Perlindungan hukum terhadap rakyat atas tindak pemerintahan tidak dapat ditampung oleh peradilan umum yang ada. Oleh karena itu, diperlukan adanya suatu peradilan khusus yang dapat menyelesaikan masalah tersebut, yakni: sengeketa antara pemerintah dengan rakyat. Peradilan yang dimaksud yaitu peradilan administrasi. Begitu pentingnya peradilan administrasi ini untuk memberikan perlindungan hukum bagi rakyat atas tindak pemerintah.
Dengan diberlakukannya UU No. 9 Tahun 2004 tentang Peradilan Tata Usaha Negara yang berdasarkan pasal 143A dapat disebut Undang-Undang Peradilan Tata Usaha Negara, maka dewasa ini perlindungan hukum terhadap warga masyarakat atas perbuatan yang dilakukan oleh penguasa dapat dilakukan melalui 3 badan, yakni Badan Tata Usaha Negara, Peradilan Tata Usaha Negara, Peradilan Umum.

2.2  Sejarah Peradilan
1.      Peradilan bagi bangsa Romawi, Persi dan Mesir kuno
Sejarah peradilan telah ada sejak adanya manusia. Begitu pula pada bangsa Romawi. Persi dan bangsa Mesir Kuno pada masa yang lalu. Peradilan pada bangsa Romawi Persi, dan Mesir Kuno telah memiliki lembaga peradilan yang sedemikian rupa terorganisir dengan memiliki undang-undangataupun peraturan dan program-program yang akan dilaksanakan oleh Qadi. Qadhi merupakan orang yang diangkat negara untuk menjadi hakim dalam menyelesaikan suatu perkara berdasarkan hukum Allah SWT.

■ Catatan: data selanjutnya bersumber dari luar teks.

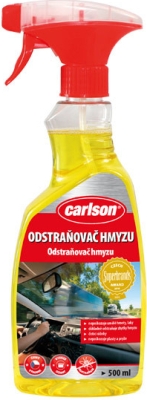 Odstraňovač hmyzu 500ml CARLSON 33.349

Saksi, sumpah, atau keadaan tertangkap basah merupakan alat-alat bukti dalam peradilan. Hal tersebut merupakan pendapat dari bangsa israel dan bangsa Arab sebelum Islam. Bangsa Barat juga menjelaskan tentang teknik pengambilan keputusan dan alat-alat bukti dalam peradilan. Hal ini menunjukkan bahwa sebenarnya peradilan pada masa ini telah ada walaupun masih sederhana.
2.      Peradilan Bangsa Arab Sebelum Islam (Masa Jahiliyah)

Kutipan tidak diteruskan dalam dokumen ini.